Run, strive, claw your way back

WHAT DO YOU do when you get knocked down in life? Did you make a mistake? Have you been humiliated?

Maybe you were betrayed, or things didn’t go as you planned. Your reputation was tarnished.

You’ve been knocked down hard — maybe even for a while now. How can you possibly bounce back?

What’s going on inside you? Do you feel angry? Do you want to scream, cry, or maybe even hit something? Or maybe you want to curl up into a ball and wish the whole world away.

Your blood boils. You feel choked. You just want to die. What do you do in these moments of agony and self doubt? Can you even think about going to the Lord?

During these trials, a great spiritual battle unfolds. The enemy wants to drive you into a corner. Satan fans the flames of resentment, anger, and shame.

What will you do? Will you shut down? Will you lash out? And the hordes of hell rise up to push you away from God.

The tempter says, “You see? Hope is lost. Forget about faith. What’s the point? Just focus on your pain and hurt. Let that be your everything as it’s all you have.”

These dark, terrible moments are critical. In many ways, they define our character and our life experience. These moments of crisis show us how much we really need God.

So when the storm clouds gather, and it seems like all is lost — get moving.

Fight your way out of that corner. Run, strive, claw your way back to the Lord.

No matter how bad things seem, never, ever doubt — even for an instant — the mercy of God.

But you might ask, how do you do this, how do you fight? It’s so simple, yet so profound. It’s an ancient method used time and again by the people of God.

You cry out. You cry out to God. You cry out to your Creator from the depths of your soul.    

These episodes are never peaceful. Who can say they feel at peace when they’re in a difficult, dark place?

Instead, it’s a ferocious struggle. It’s full blown spiritual combat.

But the goal isn’t to hurt anyone or seek vengeance. Instead, you fight for restoration. It’s a battle for your soul.

Many times the sick, hurt, and downtrodden cried out to Jesus, and the people tried to silence them. But those in agony would not be silenced.

They fought even harder to be heard. They shouted loudly, “Son of David, have mercy on me!” 

So shout. Scream into a pillow or even out loud if you have to. Go to an open field and let loose your cry. Let out all your agony and all your pain.

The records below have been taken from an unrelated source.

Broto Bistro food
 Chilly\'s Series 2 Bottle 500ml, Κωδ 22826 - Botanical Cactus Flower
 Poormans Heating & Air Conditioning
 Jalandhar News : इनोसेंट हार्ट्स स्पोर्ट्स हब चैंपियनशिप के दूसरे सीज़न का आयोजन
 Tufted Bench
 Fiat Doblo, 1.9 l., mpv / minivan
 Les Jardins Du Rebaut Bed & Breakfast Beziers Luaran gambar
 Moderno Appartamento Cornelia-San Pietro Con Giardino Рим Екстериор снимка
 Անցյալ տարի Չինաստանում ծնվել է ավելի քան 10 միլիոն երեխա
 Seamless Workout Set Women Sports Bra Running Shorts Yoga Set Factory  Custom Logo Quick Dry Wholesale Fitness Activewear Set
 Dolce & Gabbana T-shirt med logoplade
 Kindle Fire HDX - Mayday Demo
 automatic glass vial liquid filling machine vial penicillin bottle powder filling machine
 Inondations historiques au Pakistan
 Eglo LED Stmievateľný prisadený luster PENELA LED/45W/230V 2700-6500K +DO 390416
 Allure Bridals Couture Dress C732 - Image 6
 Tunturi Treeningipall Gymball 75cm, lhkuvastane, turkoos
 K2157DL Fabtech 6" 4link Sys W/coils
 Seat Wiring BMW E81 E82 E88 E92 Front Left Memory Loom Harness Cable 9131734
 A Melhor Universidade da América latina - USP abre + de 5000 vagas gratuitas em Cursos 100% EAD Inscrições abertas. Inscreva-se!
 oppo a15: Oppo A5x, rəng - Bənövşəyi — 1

This is not a cry of peace — but it is a cry for peace. So release your war cry against the lies of the devil. Call out to the Lord who fights for you and offers you salvation. 

And just by crying out, things change. Why? Because the truth comes out, naked and pure.

And the truth says this:

“You know what God? I can’t take it anymore. It just hurts way too much. I’m injured. I’m damaged. I’m afraid and ashamed. The pain goes very, very deep. I never wanted this. I never asked for this.

But here I am before you. I have no other place to go. Nobody else can help me. It’s just you and me, O Lord. Son of David, have mercy on me!”

And with this cry of trust and abandoning yourself to God, the gates of heaven fly wide open. The mercy of the Lord flows out like a river towards you and through you.

All kinds of obstacles within you come tumbling down. Resistance to God’s grace and mercy melt away. And in your humility and vulnerability, you experience God’s supernatural power.

You expose the deepest parts of you to his all-healing, all-restoring love. 

It’s a journey into the mystery of your wounds and the wounds of Christ.

His healing penetrates even deeper as you open your hurt up to him.

And after all the pain and suffering, after all the contradiction and resistance, after all the shame and confusion — you eventually discover much deeper truths.

You uncover heavenly treasures. You gain a clear vision.

You see Jesus on the cross. You see the risen Lord.

It’s a wide open place where your spirit roams free.

So in the most difficult times, cry out. Abandon yourself to the Lord.

Let him move you ever closer to your true humility — your true strength — and your everlasting peace with God Almighty. 

. . . . . . .

And Jesus stopped, and commanded him to be brought to him; and when he came near, he asked him, “What do you want me to do for you?” He said, “Lord, let me receive my sight.” And Jesus said to him, “Receive your sight; your faith has made you well.” And immediately he received his sight and followed him, glorifying God; and all the people, when they saw it, gave praise to God.